The company’s strength lies in its specialized, end-to-end offering that bundles “disclosure support” and “language services” atop a strong customer base. By adding interpreting/translation capabilities and accelerating AI translation to its know-how in producing and operating statutory and voluntary disclosures, the company is well placed to capture demand for English-language IR and integrated reporting and to compound delivered value. The AI-translation model combines speed with expert post-editing to secure quality, and planned group-wide sales collaboration lays the groundwork for medium-term expansion in added value.
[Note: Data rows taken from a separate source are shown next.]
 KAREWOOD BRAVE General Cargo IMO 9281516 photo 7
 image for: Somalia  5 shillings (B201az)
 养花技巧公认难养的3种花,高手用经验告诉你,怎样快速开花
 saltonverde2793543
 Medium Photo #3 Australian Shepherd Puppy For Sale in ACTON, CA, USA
In our previous Basic Report, we posited the hypotheses that “rising pressure to improve capital efficiency could act as a catalyst” and that “the balance between financial stability and room for improvement underpins the medium- to long-term investment appeal.” This assessment has, in fact, materialized in the form of a change in the largest shareholder, and we think it is appropriate insofar as external governance pressure has clearly intensified.
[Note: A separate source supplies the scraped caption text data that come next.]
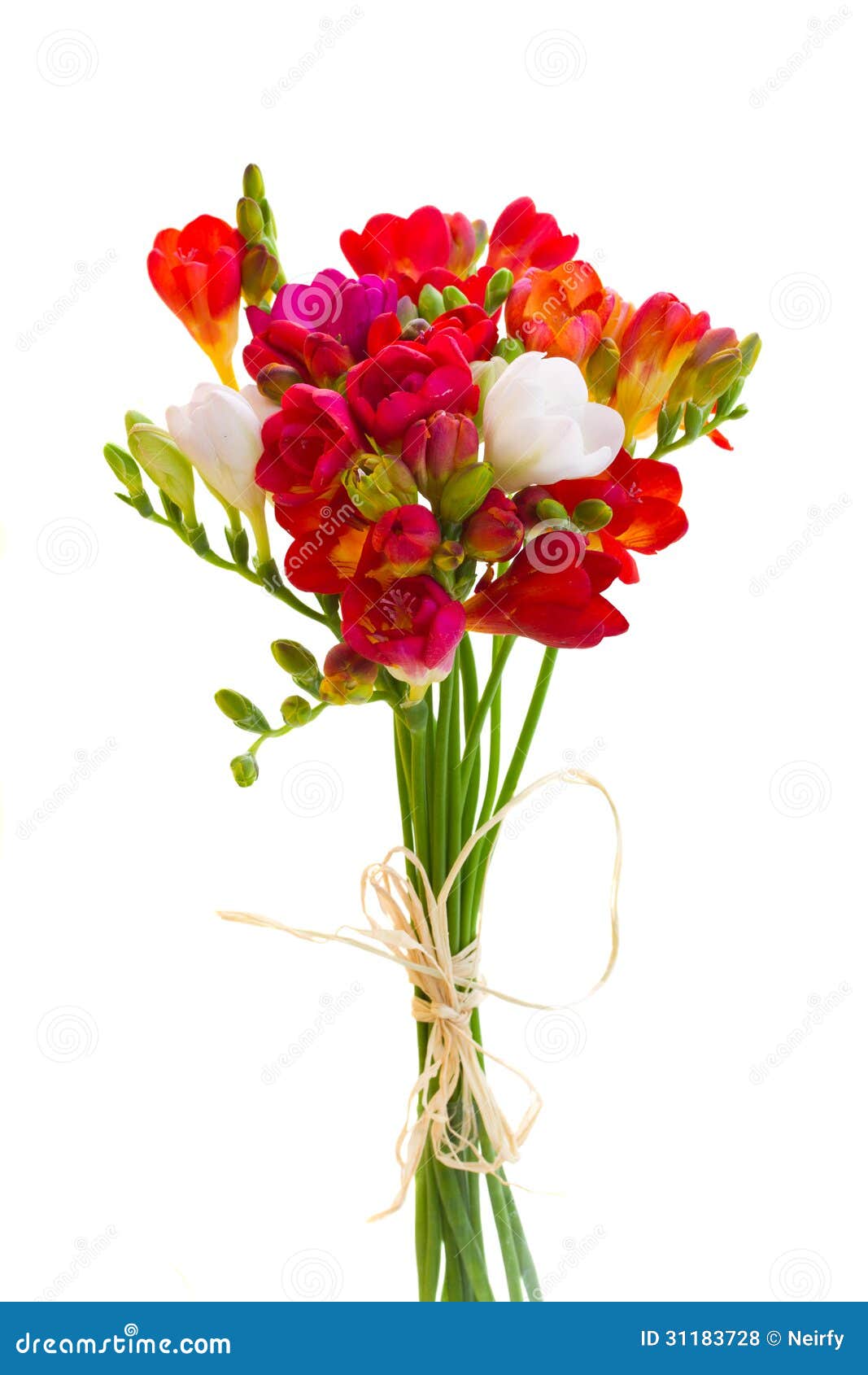 Petit Bouquet Des Fleurs Rouges De Freesia Photo stock - Image du  bourgeons, bourgeon: 31183728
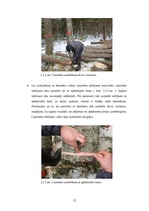 Diplomdarbs 'Harvestera mērierīču kalibrēšanas ietekme uz sagatavotu kokmateriālu dimensionāl', 32.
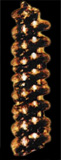 Spiral Shaped Objects Found In The Eastern Urals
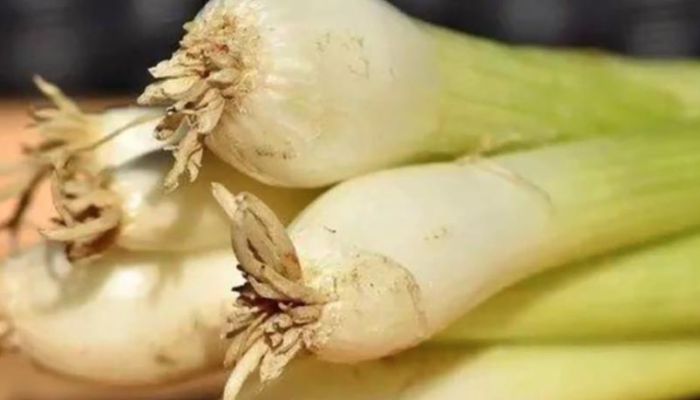 葱白是什么 葱白的临床应用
By contrast, with respect to progress on capital policy, what we have confirmed thus far is limited to the grant of 2,300 restricted shares to directors and directors of subsidiaries. Given that only a short time has elapsed since the prior report, and it is still early for M&A to surface, it is prudent to adopt a somewhat cautious view on the likelihood of a large-scale share buyback. In addition, while lead generation initiatives anchored in AI translation and media have begun, quantitative disclosure of contributions to revenue and orders remains limited at this stage. It has not yet provided the decisive trigger needed to lift the equity market’s perception further.
Taking the above into account, the company is in a transition phase, layering digital/AI capabilities onto its high-margin core businesses to sharpen visibility. Stable growth in 1Q FY2026/5, a sizable net-cash position, and the presence of outside shareholders underpin the medium-term investment case. In the near term, identifiable events—clarification of capital-allocation policy, disclosure of KPIs for the AI-translation initiative, and quantification of cross-sell progress—should serve as share-price catalysts. Accordingly, an Overweight stance for the medium term is warranted, while in the short term, a pragmatic approach is to buy event-driven pullbacks.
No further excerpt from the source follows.